Question
· Oct 30, 2019

SQL query index using

Hi guys,
I ran into a strange (for me) situation, when I run same query but change the WHERE clause the plan is different and is not connected to the additional condition.
Query that doesn't use the necessary index:

SELECT * FROM Portal.ProductStats ps  left JOIN  Portal.ProductCacheUpdates pcu ON (pcu.Item=ps.Item) WHERE ps.Item=?
Takes 0.4 sec,  doesn't use index on item from Portal.ProductCacheUpdates table

SELECT * FROM Portal.ProductStats ps  left JOIN  Portal.ProductCacheUpdates pcu ON (pcu.Item=ps.Item) WHERE ps.Item=? AND  ps.dateImported<pcu.dateEdited
Takes 0.003 sec, uses index on item from Portal.ProductCacheUpdates table

Can somebody explain? What i'm doing wrong? How should I know if Cache will use the index or not? Check every query plan?

Discussion (9)0
Log in or sign up to continue

Class Portal.ProductStats Extends %Persistent
{

Property Item As %String [ Required ];

Property dateImported As %String [ Required ];

Index pcacheUpds On Item;
}
Class Portal.ProductCacheUpdates Extends %Persistent
{

Property Product As %String [ Required ];

Property Item As %String [ Calculated, SqlComputeCode = { s {*}=$e({Product},1,5)}, SqlComputed ];

Property dateEdited As %String [ Required ];

Index pcacheUpdsUniq On (Product, Item) [ Unique ];

Index pcacheUpdsProd On Item;

}

Cache for Windows (x86-64) 2017.2 (Build 744U) Fri Sep 29 2017 10:58:27 EDT

  1. Instead of
    Property Product As %String Required ];
    Property Item As %String CalculatedSqlComputeCode = { {*}=$e({Product},1,5)}, SqlComputed ];
    

    it is better to use

    Property Product As %String Required ];
    Property Item As %String(MAXLEN 5) [ RequiredSqlComputeCode = { {*}=$e({Product},1,5)}, SqlComputedSqlComputeOnChange = Product ];
    
  2. Check on the version 2017.2 can not, but checked on 2018.1
    SELECT * FROM Portal.ProductStats ps left JOIN  Portal.ProductCacheUpdates pcu ON (pcu.Item=ps.ItemWHERE ps.Item=?
    • ExtentSize=1 (Portal.ProductStats)
      ExtentSize=1000 (Portal.ProductCacheUpdates)
      
      Relative cost  = 1338
      ◾Read master map Portal.ProductStats.IDKEY, looping on ID.
      
      ◾For each row:
      
       Read index map Portal.ProductCacheUpdates.pcacheUpdsProd, using the given %SQLUPPER(Item), and looping on ID.
       For each row:
       Read master map Portal.ProductCacheUpdates.IDKEY, using the given idkey value.
       Generate a row padded with NULL for table Portal.ProductCacheUpdates if no row qualified.
       Output the row.
    • ExtentSize=1000 (Portal.ProductStats)
      ExtentSize=1 (Portal.ProductCacheUpdates)
      Relative cost  = 1219.2
      ◾Read index map Portal.ProductStats.pcacheUpds, using the given %SQLUPPER(Item), and looping on ID.
      
      ◾For each row:
      
       Read master map Portal.ProductStats.IDKEY, using the given idkey value.
       Read index map Portal.ProductCacheUpdates.pcacheUpdsProd, using the given %SQLUPPER(Item), and looping on ID.
       For each row:
       Read master map Portal.ProductCacheUpdates.IDKEY, using the given idkey value.
       Generate a row padded with NULL for table Portal.ProductCacheUpdates if no row qualified.
       Output the row.

      As you can see in both cases the index pcacheUpdsProd is used.

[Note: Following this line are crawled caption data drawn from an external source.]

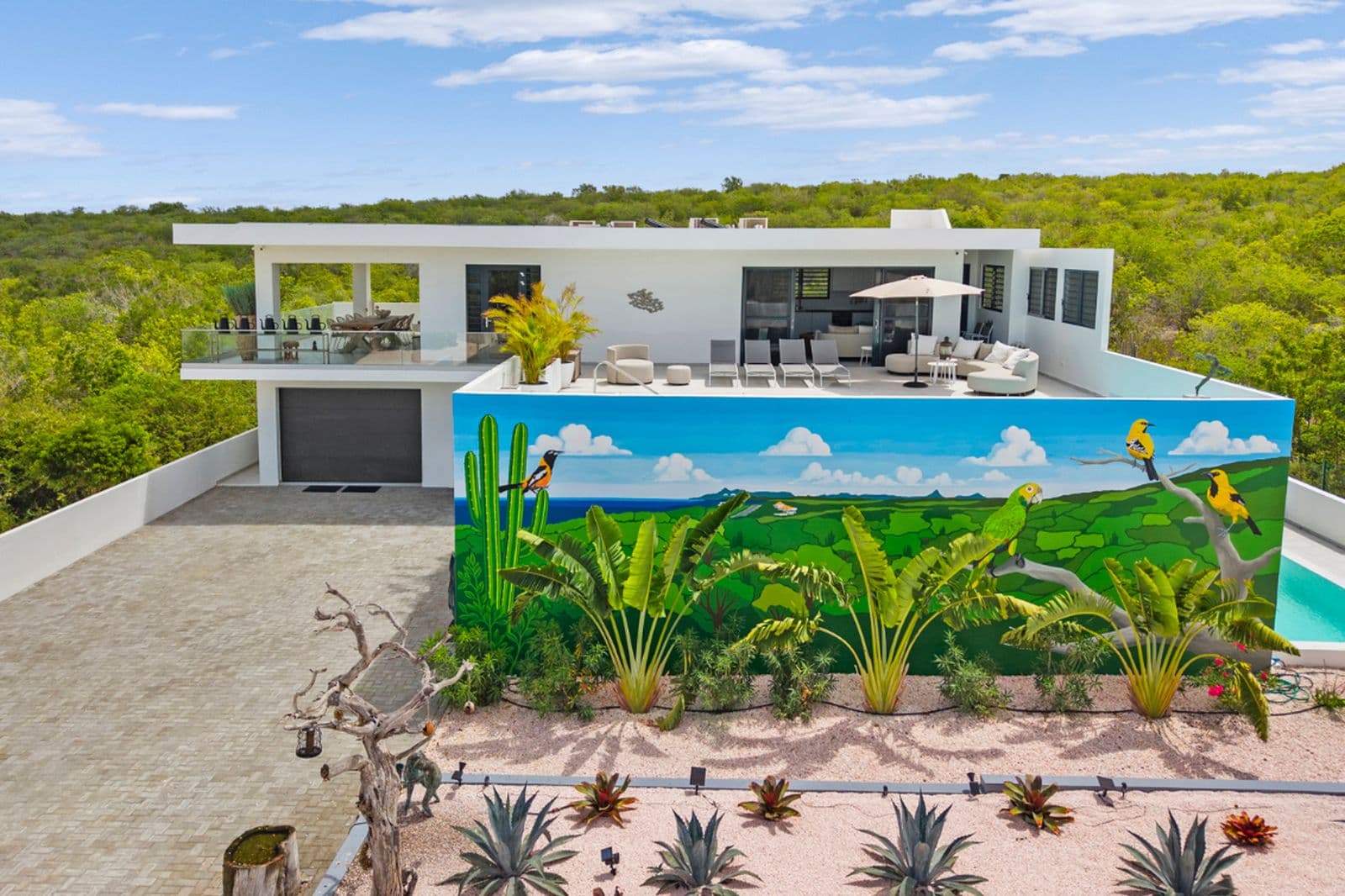 Terrace 57 - Luxury 5BR Villa with Ocean Views & Studios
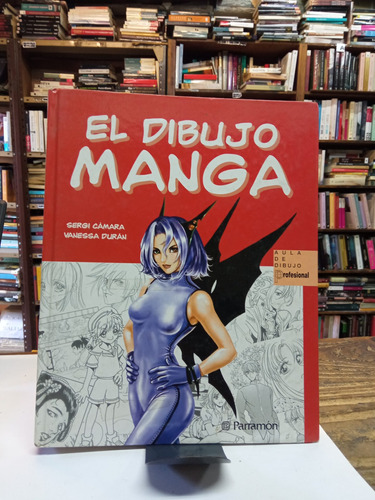 El Dibujo Manga Sergio Cámara C 002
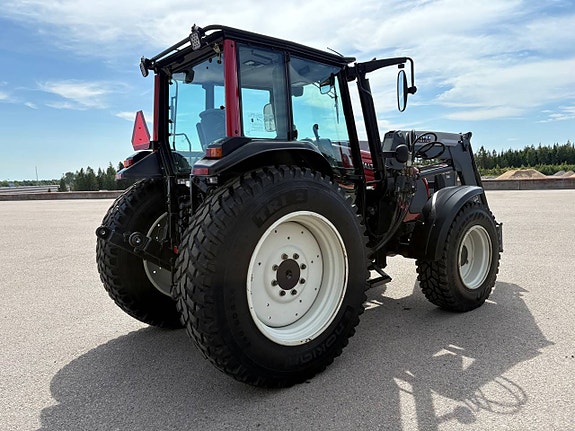 Valtra A75 / Lastare / Lågbyggd hytt 6 of 10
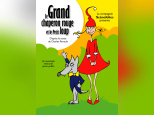 Le grand chaperon rouge et le petit loup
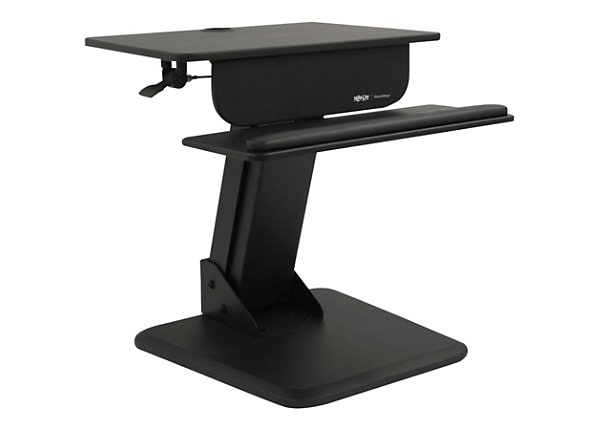 Tripp Lite Sit Stand Desktop Workstation Height Adjustable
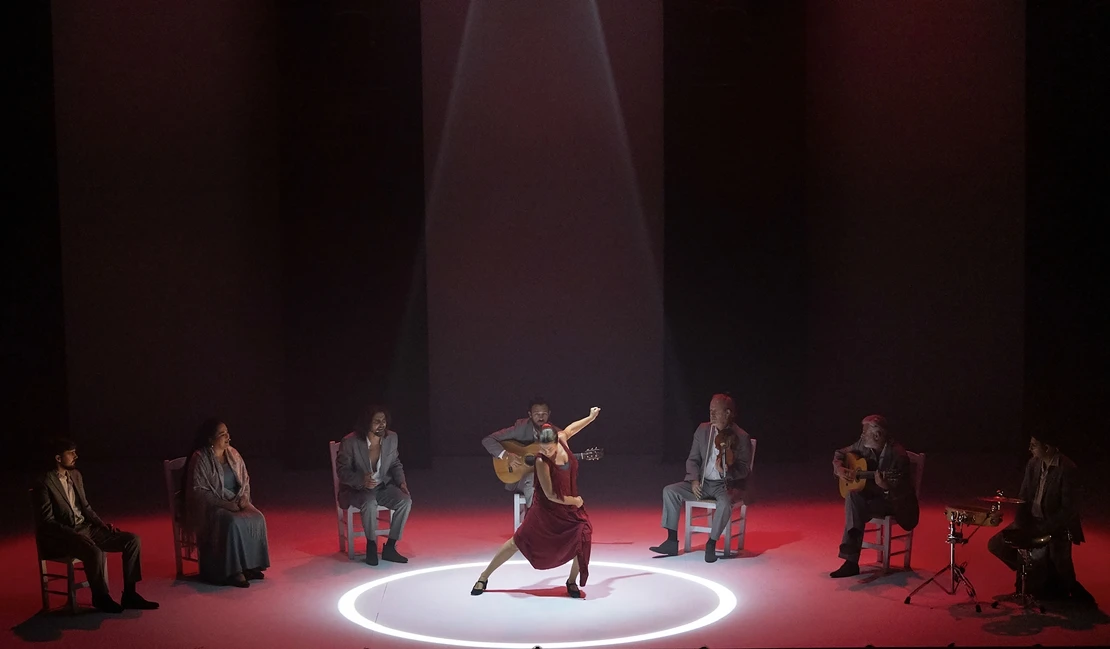 Sara Baras regresa a Extremadura con un mensaje: el flamenco no entiende de fronteras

Have you really set up the tables and cleared the cached queries so that the optimizer can start using the new statistics?

Try to do it manually in the terminal:

blablabla>d $system.SQL.TuneSchema("Portal",1), $SYSTEM.SQL.Purge(), $system.Status.DisplayError($system.OBJ.CompilePackage("Portal","cu-d"))

Sergey

The biggest difference between the 2 queries is the second one is really a JOIN, not a Left Outer Join.  By adding the second WHERE condition on a property in pcu you are making this a JOIN and allowing the Optimizer to start in either table.  I created the tables on my system and here is what I am seeing

The first query starts in ps using the item index and then joins to the pcu table using a temp file built from the master map (same as the plan you show)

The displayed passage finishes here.